- MATERIALS PROVIDED -
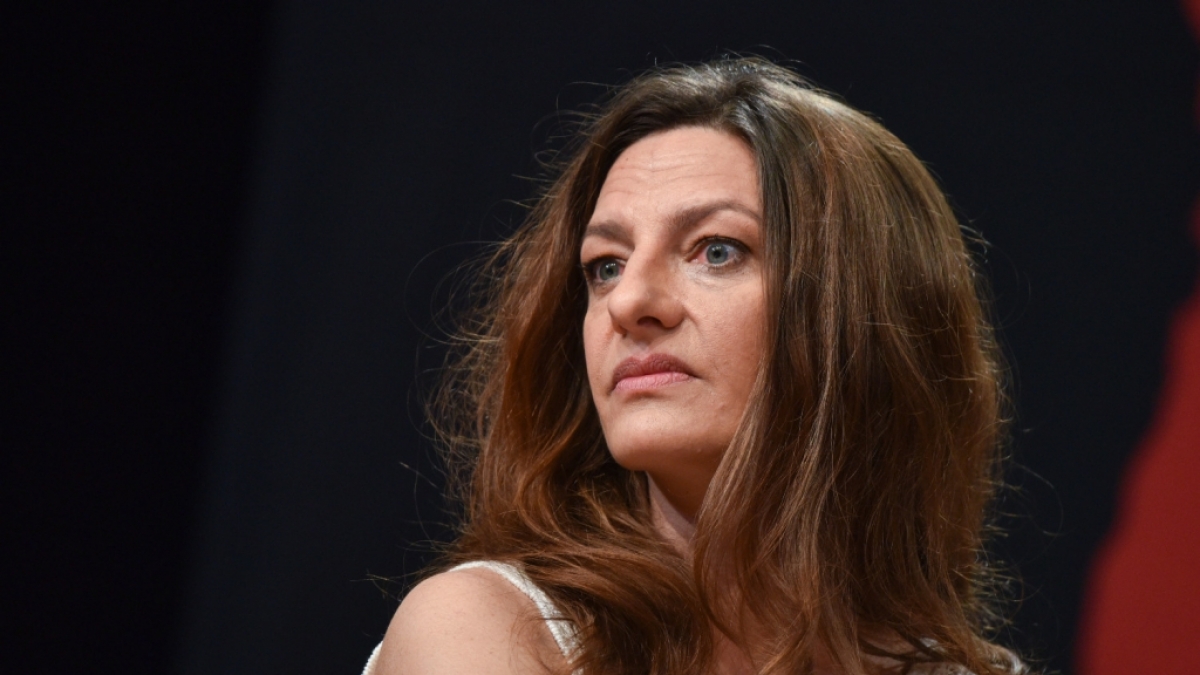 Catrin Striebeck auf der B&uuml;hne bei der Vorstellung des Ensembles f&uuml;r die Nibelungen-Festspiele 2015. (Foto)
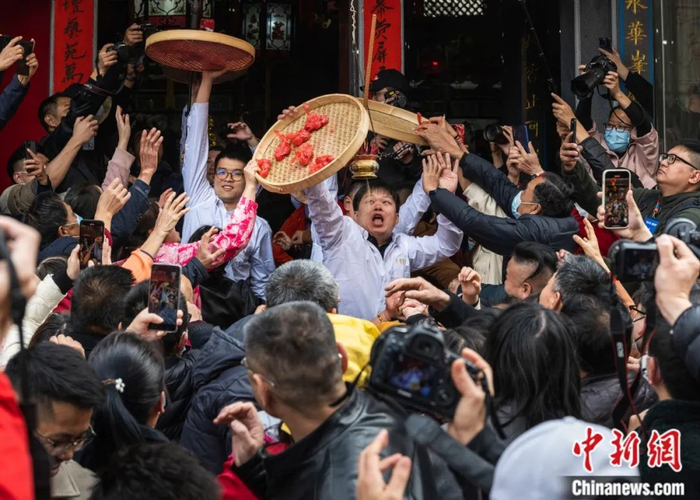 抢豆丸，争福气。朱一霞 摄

==

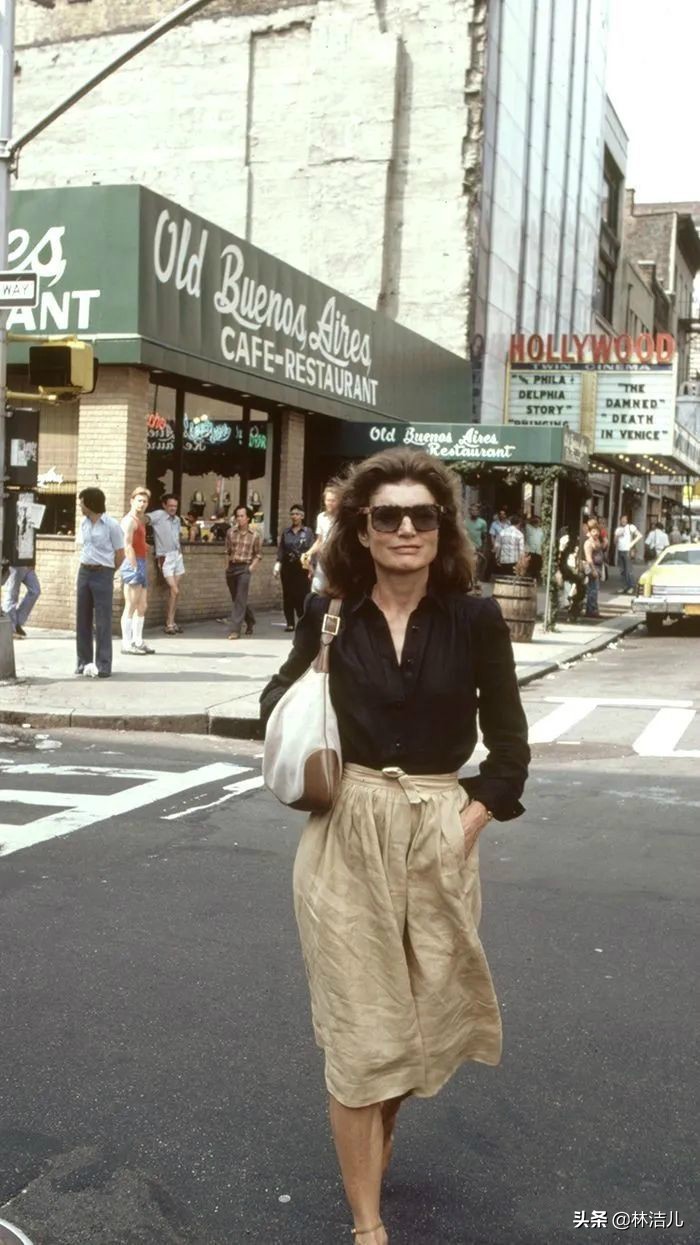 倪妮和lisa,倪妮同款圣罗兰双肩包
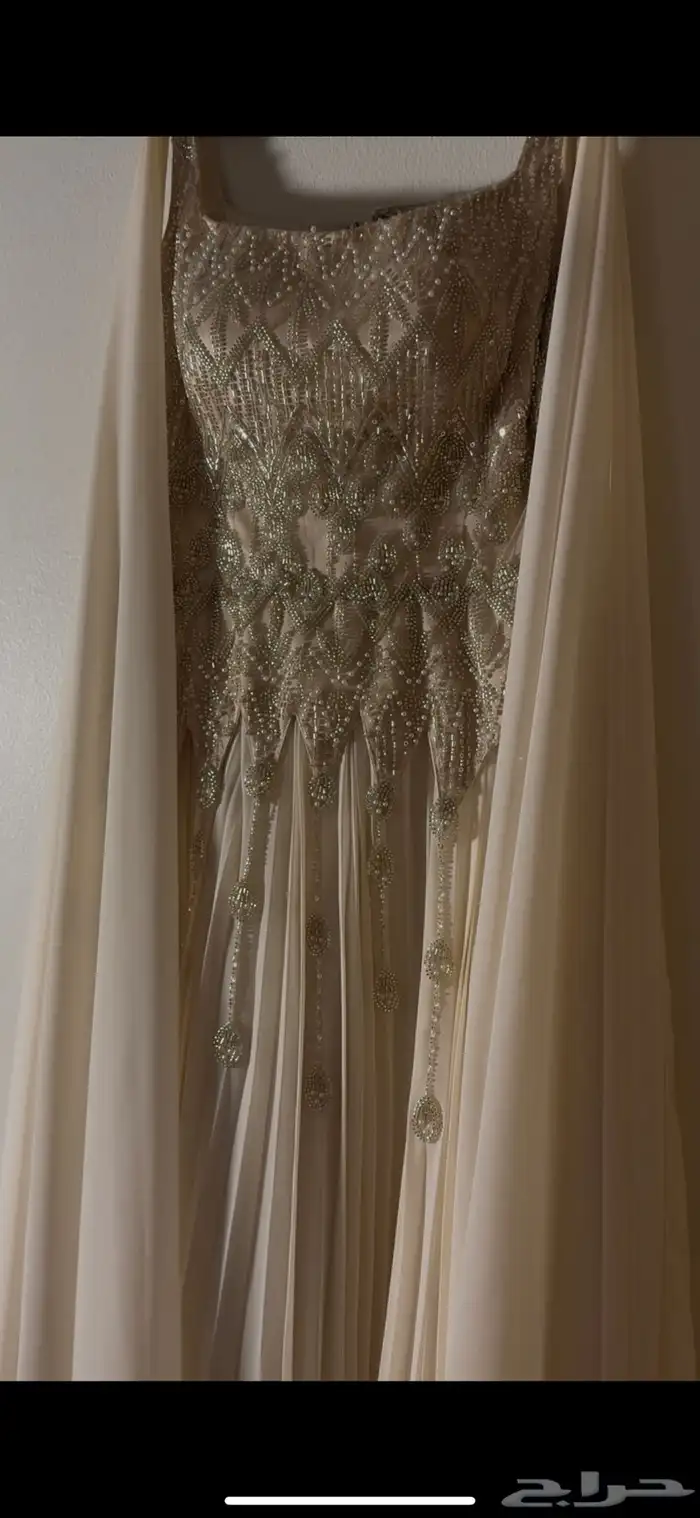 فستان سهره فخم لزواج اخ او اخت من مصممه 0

---

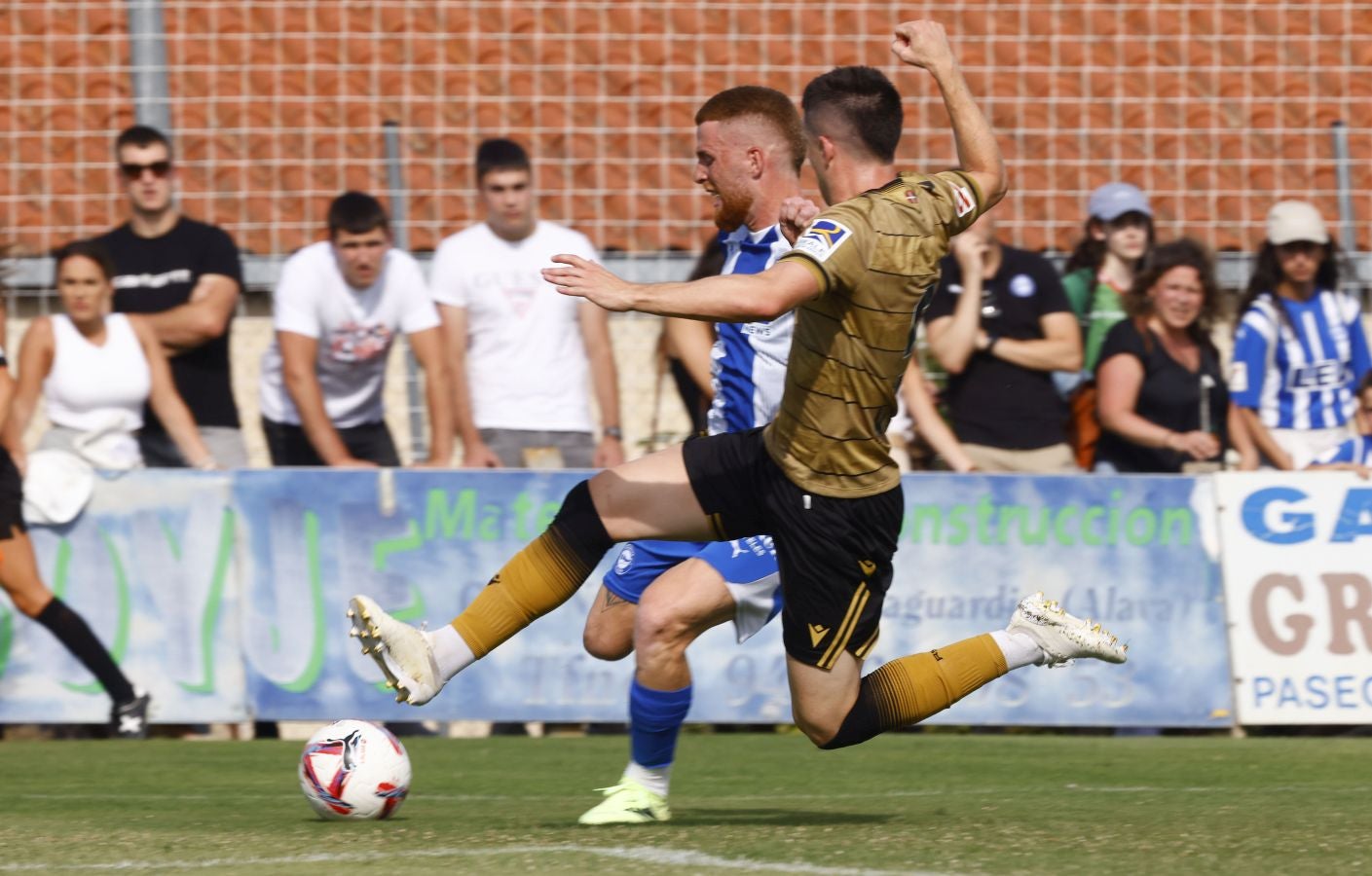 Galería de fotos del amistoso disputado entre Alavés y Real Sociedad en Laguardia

- WORK REQUIRED -
Reproduce the data above exactly, but only from the line containing "倪妮和lisa,倪妮同款圣罗兰双肩包" through the line containing "فستان سهره فخم لزواج اخ او اخت من مصممه 0". Omit all pictures.

- WORKED SOLUTION -
 倪妮和lisa,倪妮同款圣罗兰双肩包
 فستان سهره فخم لزواج اخ او اخت من مصممه 0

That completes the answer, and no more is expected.